HARRISON, STILLWELL, BENBOW, HUNT, LACY, WHIPPO

Posted By: Christy Protheroe (email)
Date: 11/18/2002 at 03:24:10

March 28, 1934 G. C. Harrison

On January 25, 1675, John Harrison set sail for the United States of America. His possession was some cash (gold) and some personal belongings in a cowhide covered trunk. The cowhide at that time still had the hair on but the hair is now all worn off and was the first time I ever saw it and I am now 73 years old. John Harrison arrived in the USA March 20th, 1675 having been on the water in a sailboat almost two months and settled in North Carolina. After some time, he bought some Negroes (and used them as slaves) as was the custom of that time. Ships came from Africa bringing black slaves in hundreds. Arab slave traders caught them, sold them to the white men who thus solved the labor problems. So the Harrison people owned slaves for a great many years. Of course I have had a great many grandfathers, how many I do not know.

In April 1795, my grandfather, John Harrison, married Sarah Benbow and moved to Indiana in a prairie schooner, bringing with him the cowhide covered trunk.

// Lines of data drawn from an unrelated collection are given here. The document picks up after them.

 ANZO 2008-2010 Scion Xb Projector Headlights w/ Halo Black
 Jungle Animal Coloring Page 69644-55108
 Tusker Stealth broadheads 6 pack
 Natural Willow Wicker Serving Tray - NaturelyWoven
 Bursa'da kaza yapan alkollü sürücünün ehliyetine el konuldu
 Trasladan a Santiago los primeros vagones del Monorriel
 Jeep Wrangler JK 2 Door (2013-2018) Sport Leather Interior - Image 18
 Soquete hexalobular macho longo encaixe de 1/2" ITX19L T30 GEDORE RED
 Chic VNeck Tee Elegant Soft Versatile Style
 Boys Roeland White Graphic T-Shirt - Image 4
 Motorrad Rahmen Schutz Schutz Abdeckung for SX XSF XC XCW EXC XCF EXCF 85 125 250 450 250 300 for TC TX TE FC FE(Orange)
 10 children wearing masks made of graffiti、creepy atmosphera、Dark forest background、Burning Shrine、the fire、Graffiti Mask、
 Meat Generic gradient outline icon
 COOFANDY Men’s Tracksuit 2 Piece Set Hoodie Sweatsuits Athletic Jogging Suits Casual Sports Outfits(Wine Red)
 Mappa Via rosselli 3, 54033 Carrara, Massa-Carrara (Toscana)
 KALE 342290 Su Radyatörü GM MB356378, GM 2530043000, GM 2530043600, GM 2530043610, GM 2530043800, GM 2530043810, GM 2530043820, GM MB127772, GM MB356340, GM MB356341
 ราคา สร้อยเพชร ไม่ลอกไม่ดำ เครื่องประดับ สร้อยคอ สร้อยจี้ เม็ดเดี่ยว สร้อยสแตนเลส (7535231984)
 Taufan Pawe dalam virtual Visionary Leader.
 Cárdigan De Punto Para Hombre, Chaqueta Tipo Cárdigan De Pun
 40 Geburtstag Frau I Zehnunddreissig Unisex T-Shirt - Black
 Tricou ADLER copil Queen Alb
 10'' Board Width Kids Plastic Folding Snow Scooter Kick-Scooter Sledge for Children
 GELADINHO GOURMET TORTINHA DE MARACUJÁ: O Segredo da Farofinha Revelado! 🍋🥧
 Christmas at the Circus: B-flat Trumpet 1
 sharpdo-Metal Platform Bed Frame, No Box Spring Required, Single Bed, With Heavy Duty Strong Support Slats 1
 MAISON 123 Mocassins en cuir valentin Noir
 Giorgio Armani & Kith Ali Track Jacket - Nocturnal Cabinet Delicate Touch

The morning he started for Indiana, his father gave him a very fine, large Negro (or rather wanted to give the Negro) but my grandfather having been with Negroes all his life would not accept the Negro. But after they had been on the road a few hours, his father sent a man with and gave him a very fine horse instead of the Negro. On the plantation, they had a very severe boss (something like Simon Legree of Uncle Tom’s Cabin). In those days the land all had to be cleared of very heavy timber and the slaves had to work long days and sometimes far into the night. On this night, they had worked late and very hard. The slaves did not like Bill. He would whip them at the least provocation, so they decided to fix Bill once and for all and they did. They had been rolling and piling logs all day, getting them ready to burn at night, so they built an extra large one with a great many logs and set it on fire early. So, about 10pm it had got to going good so there was no chance of it going out. Four of the slaves got Bill, two at his head and two his feet, gave him a few swings and Bill came down in the center of the pile, so that was the last of Bill. When they went in that night, one of the Negroes went to Grandfather’s room and woke him up saying, “Massa John, I will tell you sumpin but you must neber tell.” So, he told him all that happened and what became of Bill. Grandfather never told it until long years after. So much for Bill.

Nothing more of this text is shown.